PBMC samples from t1 and t2 were thawed and RNA was extracted using the RNeasy® Mini Kit (Qiagen). cDNA libraries were prepared using the Takara SMARTer® Human BCR IgG IgM H/K/L Profiling Kit (Takara) according to the manufacturer’s protocol. Following quantification using quantitative PCR, the library was prepared using the MiSeq Reagent Kit v3 (600-Cycles, Illumina) sequenced on a Miseq platform (Illumina) with paired-end reads (301 × 301 bp).

The CSF B cell libraries (single-cell data) were processed using Cell Ranger (v3.1.0, 10× Genomics) and aligned with human V(D)J reference (vdj_GRCh38_alts_ensembl-3.1.0-3.1.0). The libraries of PBMC samples (bulk sequencing data) were processed with Immune Profiler, modifying the external library to use the latest version of the tool mixcr-3.0.12. Only productive full-length sequences were considered for analysis. After quality filtering (excluding wrong cell types and clonotypes with no V-gene match), we focused only on paired chains. Overlapping B cell clonotypes (based on the same complementary determining region (CDR) 3 nucleotide sequence) between t1 and t2 were selected. We created new clonal groups using a hamming distance of ≤ 1 between CDR3 amino acid sequences and V and J gene identity. We selected the most expanded clones (based on the ratio t2/t1) using the percentage instead of the cell count to correct for sample size bias. Full-length sequences of the chains were extracted from the 10× data and re-analyzed using the IMGT HighVQuest online tool [15].
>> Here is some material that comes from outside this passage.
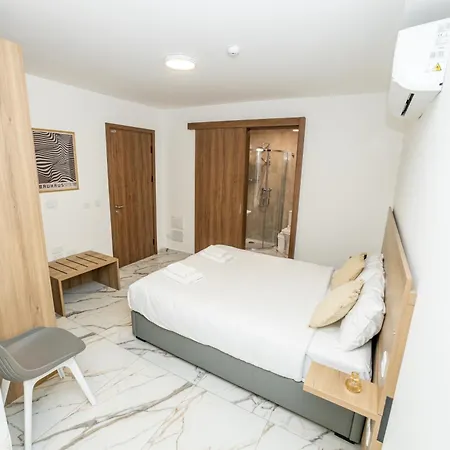 Modern Escape 3-bedroom Maisonette With Free Parking San Pawl il-Baħar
We looked for B cell clones based on the CDR3 nucleotide sequence (Fig. 2). In the CSF sample from t1 (1964 B cells) we found 1354 clones, and in the CSF sample from t2 (333 cells) we found 260 clones. Among the clones in these two groups, 76 (4.9% of all clones found in CSF) overlapped between t1 and t2. In the PBMCs from t1 (2476 B cells) we found 329 clones, and at t2 (1867 B cells) there were 340 clones. Among the clones in these two groups, 127 (23.4% of all clones in PBMCs) overlapped. This suggests a greater change over time (5 days) in the CSF than in PBMCs. However, it has to be taken into consideration that we applied different sequencing techniques for CSF and PBMC samples, which may represent a limitation. Moreover, upon comparing CSF and PBMCs, we found 71 overlapping clones at t1 (4.4% of all clones; 3.6% overlap of CSF B cells with peripheral B cells) and 14 overlapping clones at t2 (2.4% of clones; 4.2% overlap of CSF B cells with peripheral B cells).
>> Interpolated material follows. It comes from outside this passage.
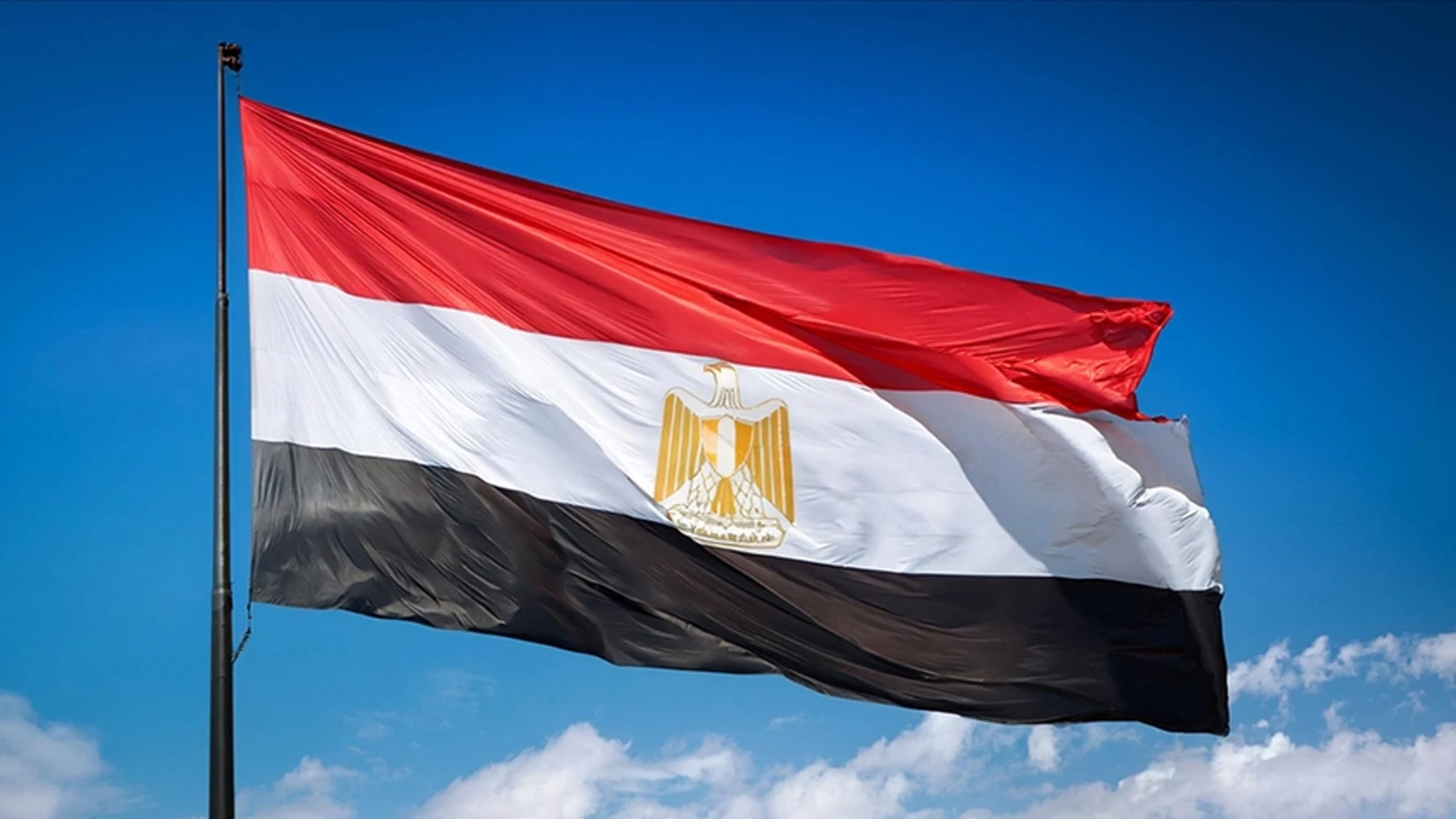 Mısır’da enerji tasarrufu planı değişti, AVM’lerin kapanış saati eskisi gibi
We created clonal groups using a hamming distance of ≤ 1 between CDR3 amino acid sequences. We focused on the clonal groups that showed the greatest expansion based on the ratio between t2 and t1 (Fig. 3). Since the cell counts at t1 (n = 1964 cells) and t2 (n = 333 cells) were different, we calculated the ratio as the percentage of cells in one clonal group at t2 in relation to the percentage of cells in the same clonal group at t1. We found 87 clonal groups with a ratio above 1 (i.e., expanding clonal groups) and 4 clonal groups with a ratio below 1. Expanding clonal groups of CSF B cells suggest an ongoing intrathecal B cell response between t1 and t2. The mean expansion ratio was 4.7 and the median of the expansion ratio was 5.9. Among 87 clonal groups with expansion ratios ≥ 1, we found 16 that overlapped with the BCR repertoire of PBMCs. The CDR3 amino acid sequences of a selection of interesting clonal groups are shown in Table 1, including information about isotype and V(D)J gene usage. This selection includes the six clones with the highest expansion ratio (11.8), two clones (nos. 6 and 8) with a high expansion ratio that were present in a high amount of B cells, and two clones (nos. 141 and 53) that were also a dominant presence in B cells but had lower expansion ratios. This table also shows two clones (nos. 14 and 25) with high expansion ratios that overlapped with PBMCs, and clone no. 2, which was present in a high percentage of the cells at both t1 and t2, but presented a limited expansion ratio. Supplementary Table 1 provides the full nucleotide sequences of CDR3 for all the clones/clonal groups with expansion ratios ≥ 1.